Apathy, extortion and overreach were certainly not the kind of characteristics identified by the French Philosopher, considered to be the author of the political idiom for the governors of any State, much less the states of the Asian sub-continent.

Nor could he have foreseen the prominence of the fourth chamber of wisdom, the media, that has become an arbiter to inform and on which the pillar of governance leans into the other’s jurisdiction.
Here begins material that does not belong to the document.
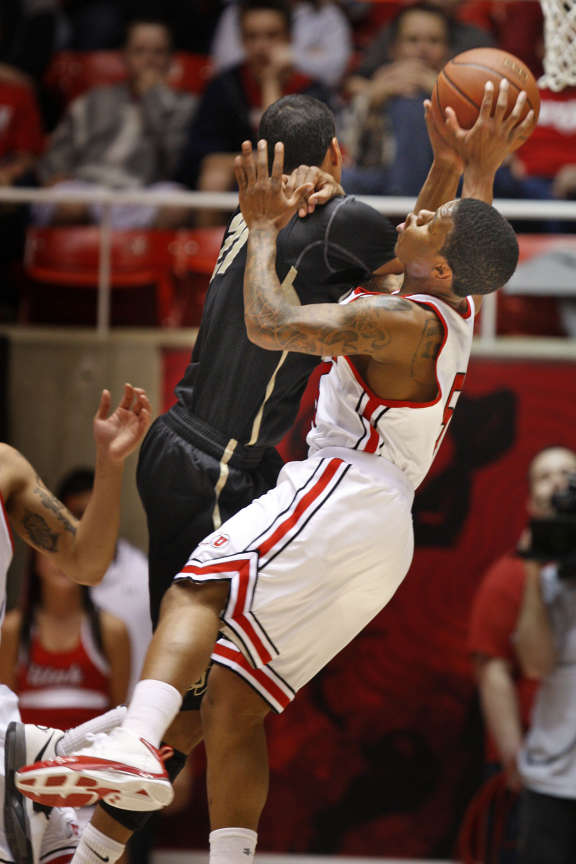 Utah's Kareem Storey fouls CU's Andre Roberson as the University of Utah plays Colorado in Pac-12 basketball Saturday, Feb. 18, 2012, in Salt Lake City Utah. (Tom Smart, Deseret News)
They have acquired a vested prerogative to oversee all the wings of the state. Not to be left out, the rise of the fifth columnists’ generally seen against everybody bar none and they advocate mankind’s return to nature sans power, sans transport, sans concrete buildings, and sans dams. Indeed, they appear to be sans everything. They are the non-governmental organizations in an extreme activist mode, with critical emissions, sometimes of intellectual and sometimes of the carbon kind.

There we have it, a governance paradigm which has taken on a very complex nature in this millennium. No wonder, the equilibrium so delicately envisaged by Montesquieu, the French political philosopher, has been hit by severe turbulence from the five straws in the wind in our own homeland.

What is it about our countrymen that makes us natural transgressors of each others’ domain? While it is only a trifle irksome or at best annoying at the personal level, the consequences are alarming at the state level.

The different ministries need to work in concert, the wings of services have to be in partnership, and the law makers need to bring the aspirations of the people into what can be termed as national pride.

There is space, volume and need for everybody but certainly not at the expense of each other. The time has, therefore come, to create a new paradigm. On the face of it, not so much as to create a new one, rather to restore, respect and harness a transformation from separation of powers to a healthy and respectful collaboration of powers.

Afterall, are they not all working for the same country, the same people and the same nationally desirable objectives? It beats one’s best intelligence estimates, as to why there is so much cross purpose volleying between the legislature, executive and judiciary. One must create equitable laws, the other must implement them compassionately and the third must deliver justice. Instead, what we see is a plethora of archaic laws implemented selectively and at the end there is very little justice done.

The three touch-me-not fortresses have so far only sought unquestioned supremacy for their individual bastions. The legislature demands supremacy as it represents the will of the people. The executive seeks to ride on the shoulders of the legislature, demanding insulation from all accountability so that it can ostensibly create policy without fear or favour. And for preserving the sanctity of the legislature, you have to have a completely independent judiciary, independent of the executive and the legislature and occasionally independent of itself too.

How can an ancient civilization completely forget that only a harmonium can produce pleasant resonance while pandemonium produces just the opposite? Everything about good governance revolves around harmony and only bad governance comes out of a tug of war.

A provocative book was published in 1998 titled Can Asians Think’? The author Kishore Mahbubani was led to ask this fundamental question because of his dismay with the Asian societies who have slipped behind the western ones, despite being ahead at the turn of the last millennium. For, what one sees all around would tend to reinforce the doubts embedded in the question, Can Asians think well, we do think, but do we really think through?’

Optimists, who are in a minority, anyway, say that we are strong enough and also sensible enough to take entire cross currents, social and political streams, in our stride. Besides, a provocative debate of these issues shows the vibrancy of our thinking rather than the lack of it.

Pessimists would like us to be wary of the consequences of a seemingly heated dialogue because it is provocation that will kill all debate and lead to impositions of an unwelcome kind. Who wants the three wings of the state to be at war when they have to be at peace for our prosperity Surely, in our country we need this more than anything else.